It’s an attitude that has seen the four-piece play more nights at the Odyssey Arena than Oasis. Last year, they found themselves providing the half-time entertainment at Belfast Giants’ ice hockey team’s matches. How did that come about?
“Basically they wanted a local act who could play some tunes and, when you’ve seven thousand people there, you don’t want a shoegazing wee indie band, you want someone who’ll show people a good time. But they’re hard work. Anyone who thinks we waltz in there and play the rock stars has it all wrong. You’re trying to grab people’s attention – people who’re there to watch an ice hockey match, not go to see a band. We didn’t want to mime to a backing track. When you do something like that, there is an element of cheese but we tried to qualify that by at least insisting that we were going to play live.”

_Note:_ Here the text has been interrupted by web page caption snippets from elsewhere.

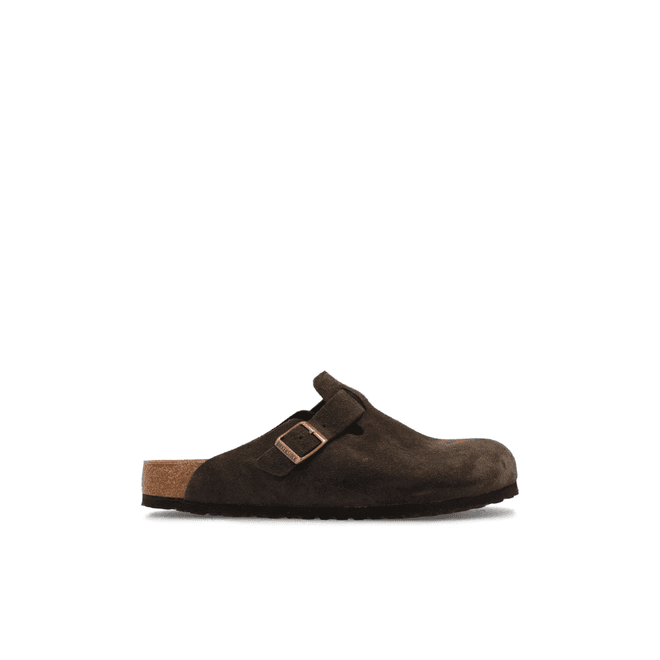Birkenstock Boston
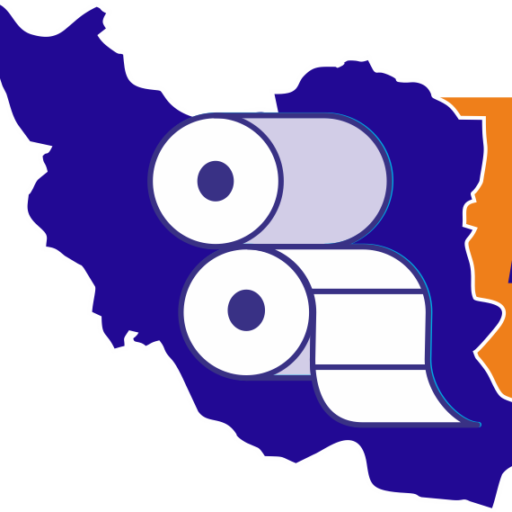 لوگو لیبل 4 ایران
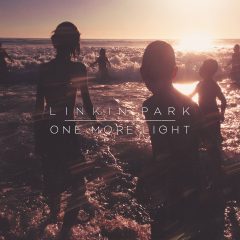 ONE MORE LIGHT by Linkin Park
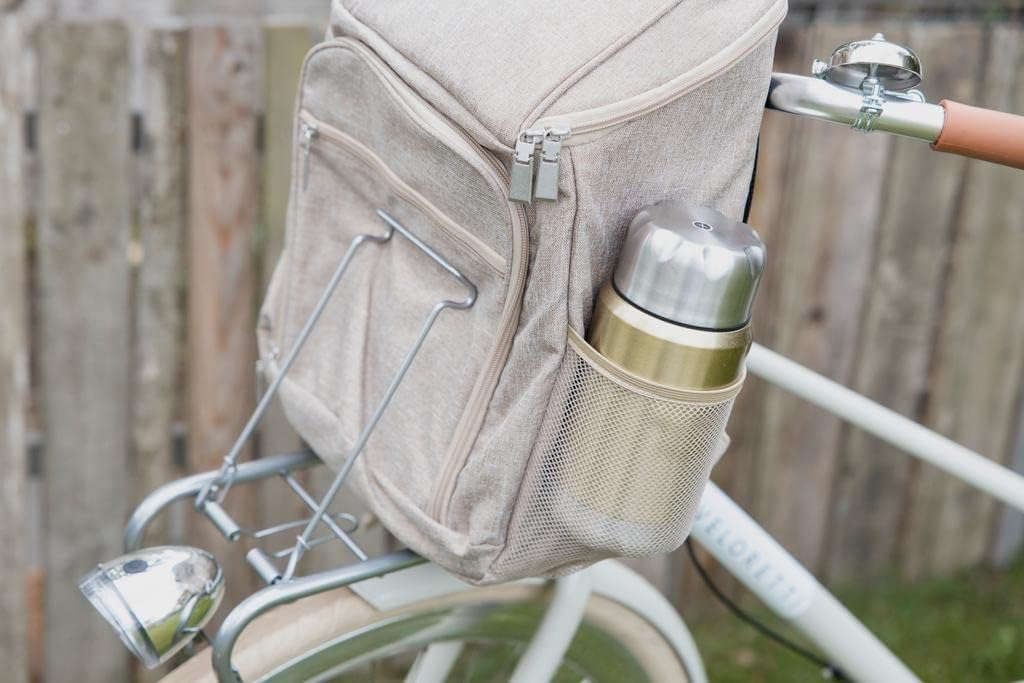 City Kühltasche, Beige, 45 cm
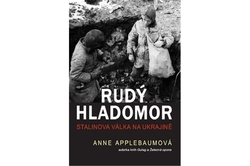 Applebaumová Anne - Rudý hladomor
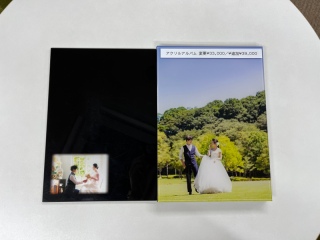 クリスタルアルバム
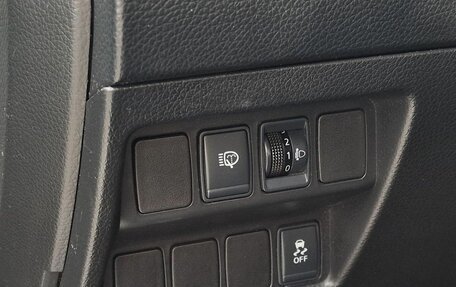 Nissan Qashqai, 2015 год, 1 195 000 рублей, 17 фотография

And anyone who caught them live (or stumbled across one of their three EPs), would find a band eager to frighten the indie horses with their big riffs, power chords and sing-a-long choruses.
Phil: “Melody has always been the thing that attracted me to music. If there’s a strong melody in a song, that’s me. I think that’s why all this nu metal bollocks just leaves me cold. It’s just so dreary and dirgy. If you offered me 50 quid I wouldn’t go to see Slipknot.”
So we won’t see Pay*ola vomit on stage?
“Well, I’m not going to make any promises. It’s happened before. I just don’t think we did it on purpose.”